Still, there’s reason to doubt that Biden will regain his footing easily. There’s reason to believe he won’t defy historic precedent in 2022 by maintaining Democratic control of the House and Senate. That reason is Biden himself. Biden’s tough talk and bold plans are cover for a chief executive who’s just not very good at his job.
Nine months into office, the president has found it much easier to blame his predecessor and Republican governors for setbacks and mistakes than to change course and moderate his ambitions. The same man who said that “unity is our greatest strength” in a video marking the 20th anniversary of the September 11, 2001, terrorist attacks turns around and points fingers at his political adversaries, leads a party whose congressional leaders are hankering to transform America, and oversees a Justice Department that seems to open another investigation into GOP state governments on each day that ends in “y.”
This administration’s haplessness and buck-passing touch every issue. Biden dismantled the Trump administration’s border-security protocols and found himself unable to stanch record numbers of illegal crossings on the southern border. He delegated the border crisis to Vice President Kamala Harris, whose search for the “root causes” behind the surge in illegal immigration has taken her to Guatemala and Mexico and El Paso, but not anywhere close to a solution. Biden’s proposal to curb the rise in violent crime is to make it harder for law-abiding citizens to possess firearms—a non sequitur masquerading as action. Biden claims that inflation will subside when Congress passes his several-trillion-dollar spending plans and tax hikes, and OPEC gives in to his pleas to boost energy production. It’s hard to decide which is more shocking: His economic illiteracy or his willingness to return the United States to dependence on foreign oil.
Biden blamed Trump for an Afghan withdrawal deadline that he alone altered twice.
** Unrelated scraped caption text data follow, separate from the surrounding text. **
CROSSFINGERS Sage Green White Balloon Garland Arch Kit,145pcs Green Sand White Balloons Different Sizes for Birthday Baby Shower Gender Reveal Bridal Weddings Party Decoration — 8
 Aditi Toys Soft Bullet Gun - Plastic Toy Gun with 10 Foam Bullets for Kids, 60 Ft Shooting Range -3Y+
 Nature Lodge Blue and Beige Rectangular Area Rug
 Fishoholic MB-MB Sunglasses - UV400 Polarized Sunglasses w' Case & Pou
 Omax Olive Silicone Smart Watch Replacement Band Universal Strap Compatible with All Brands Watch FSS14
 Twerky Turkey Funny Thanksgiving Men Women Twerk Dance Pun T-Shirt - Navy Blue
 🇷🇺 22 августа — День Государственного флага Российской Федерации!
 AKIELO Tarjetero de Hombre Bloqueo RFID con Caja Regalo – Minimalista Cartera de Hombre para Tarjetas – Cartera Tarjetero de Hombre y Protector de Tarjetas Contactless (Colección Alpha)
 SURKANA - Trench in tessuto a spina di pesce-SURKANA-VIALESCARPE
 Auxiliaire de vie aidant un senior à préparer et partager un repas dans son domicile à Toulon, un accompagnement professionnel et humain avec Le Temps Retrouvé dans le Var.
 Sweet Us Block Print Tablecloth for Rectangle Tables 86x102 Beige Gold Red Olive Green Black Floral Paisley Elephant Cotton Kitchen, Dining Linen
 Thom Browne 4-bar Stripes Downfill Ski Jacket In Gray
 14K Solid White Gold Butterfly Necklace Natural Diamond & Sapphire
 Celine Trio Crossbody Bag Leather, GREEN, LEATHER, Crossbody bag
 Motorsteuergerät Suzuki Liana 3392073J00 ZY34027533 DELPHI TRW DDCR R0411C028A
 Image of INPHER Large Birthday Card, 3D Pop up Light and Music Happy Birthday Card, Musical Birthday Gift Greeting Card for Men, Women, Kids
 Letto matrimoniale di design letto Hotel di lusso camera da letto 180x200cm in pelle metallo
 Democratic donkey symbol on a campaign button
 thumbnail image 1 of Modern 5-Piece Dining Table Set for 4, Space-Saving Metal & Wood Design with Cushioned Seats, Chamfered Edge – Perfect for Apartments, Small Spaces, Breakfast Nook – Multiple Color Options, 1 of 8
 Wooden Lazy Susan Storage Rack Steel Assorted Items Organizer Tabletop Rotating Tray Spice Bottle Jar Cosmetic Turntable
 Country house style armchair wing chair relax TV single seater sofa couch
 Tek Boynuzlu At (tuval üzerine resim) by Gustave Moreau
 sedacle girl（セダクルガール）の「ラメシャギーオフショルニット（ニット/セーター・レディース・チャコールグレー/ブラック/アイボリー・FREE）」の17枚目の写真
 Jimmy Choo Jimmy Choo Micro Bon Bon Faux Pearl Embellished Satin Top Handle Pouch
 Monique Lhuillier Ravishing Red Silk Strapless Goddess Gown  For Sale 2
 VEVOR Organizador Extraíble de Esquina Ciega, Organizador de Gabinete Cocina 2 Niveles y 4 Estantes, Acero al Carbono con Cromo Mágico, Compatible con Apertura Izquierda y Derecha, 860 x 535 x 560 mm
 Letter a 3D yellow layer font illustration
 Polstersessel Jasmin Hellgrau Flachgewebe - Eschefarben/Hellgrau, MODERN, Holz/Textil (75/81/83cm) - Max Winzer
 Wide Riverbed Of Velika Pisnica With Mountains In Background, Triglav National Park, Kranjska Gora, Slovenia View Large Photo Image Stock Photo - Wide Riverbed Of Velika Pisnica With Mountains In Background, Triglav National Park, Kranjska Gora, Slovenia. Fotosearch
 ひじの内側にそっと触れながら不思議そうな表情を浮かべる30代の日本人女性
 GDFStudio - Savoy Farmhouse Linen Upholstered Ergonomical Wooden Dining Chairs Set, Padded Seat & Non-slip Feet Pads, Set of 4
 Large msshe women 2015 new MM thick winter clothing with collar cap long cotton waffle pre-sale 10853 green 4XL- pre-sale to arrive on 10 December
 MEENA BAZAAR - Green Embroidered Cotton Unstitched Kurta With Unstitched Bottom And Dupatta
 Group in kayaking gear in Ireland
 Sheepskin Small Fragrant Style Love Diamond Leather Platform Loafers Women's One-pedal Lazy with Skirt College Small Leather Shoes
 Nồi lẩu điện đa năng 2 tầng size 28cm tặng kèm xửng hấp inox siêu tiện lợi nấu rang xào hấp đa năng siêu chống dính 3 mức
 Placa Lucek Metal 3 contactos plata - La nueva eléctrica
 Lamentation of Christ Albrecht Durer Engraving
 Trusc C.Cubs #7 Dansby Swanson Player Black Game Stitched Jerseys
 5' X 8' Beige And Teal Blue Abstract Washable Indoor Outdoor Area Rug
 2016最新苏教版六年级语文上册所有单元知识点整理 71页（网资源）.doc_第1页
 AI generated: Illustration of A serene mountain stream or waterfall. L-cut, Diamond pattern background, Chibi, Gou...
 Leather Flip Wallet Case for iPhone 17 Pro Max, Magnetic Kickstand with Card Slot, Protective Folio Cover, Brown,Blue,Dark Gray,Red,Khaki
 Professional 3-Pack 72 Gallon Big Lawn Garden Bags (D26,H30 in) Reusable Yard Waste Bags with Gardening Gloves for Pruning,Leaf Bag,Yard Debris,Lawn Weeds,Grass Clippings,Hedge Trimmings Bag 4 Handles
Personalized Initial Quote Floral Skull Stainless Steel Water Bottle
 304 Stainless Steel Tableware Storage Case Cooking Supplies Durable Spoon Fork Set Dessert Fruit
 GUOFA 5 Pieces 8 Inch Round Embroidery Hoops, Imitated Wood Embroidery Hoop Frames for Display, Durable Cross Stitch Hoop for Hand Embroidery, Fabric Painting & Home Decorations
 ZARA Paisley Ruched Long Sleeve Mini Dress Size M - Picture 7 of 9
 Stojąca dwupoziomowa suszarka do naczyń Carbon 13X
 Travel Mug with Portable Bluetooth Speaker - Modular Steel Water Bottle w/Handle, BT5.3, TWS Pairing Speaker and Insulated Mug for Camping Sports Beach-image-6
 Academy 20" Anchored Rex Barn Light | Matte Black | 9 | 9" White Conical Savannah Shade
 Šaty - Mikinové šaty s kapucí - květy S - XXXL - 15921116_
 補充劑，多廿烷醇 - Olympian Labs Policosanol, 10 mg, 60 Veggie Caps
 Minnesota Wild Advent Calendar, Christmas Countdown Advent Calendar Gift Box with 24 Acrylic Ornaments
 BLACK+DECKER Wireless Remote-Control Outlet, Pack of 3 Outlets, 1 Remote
Then he scolded the Afghan defense forces for melting away once he removed the close air support that the United States had provided for decades. Biden said that he withdrew U.S. forces from Afghanistan to protect the lives of U.S. troops. But more soldiers died in the August 26 attack at Kabul Airport than in any single day in Afghanistan since 2011. Biden said that despite our departure the United States will be able to combat al-Qaeda and ISIS in Afghanistan through an “over-the-horizon” counterterrorism capability. But that horizon is far, far away: America has no bases in Central Asia, and Afghanistan is a landlocked nation surrounded by our enemies. Biden said that he wants to focus on competition with China. He hasn’t backed up his strident rhetoric with action.
Biden declared our “independence” from the coronavirus on July Fourth. Then he spent two and a half months dithering as the Delta wave spread havoc in the Southeast and Midwest. He went after governors who banned school mask mandates, but he didn’t announce a major slate of proposals to increase vaccinations and mitigate Delta until September 9—by which time the summer wave had peaked. Mr. Unity has yet to “shut down the virus” as promised. But he has given Americans plenty of additional things to fight over and complain about. “There’s little doubt that the honeymoon is over for Biden,” election analyst Amy Walter of the Cook Political Report wrote recently. “The question now is if voters are still going to be happy in the marriage come next year.”
Happy? At this rate, they’ll be filing for divorce.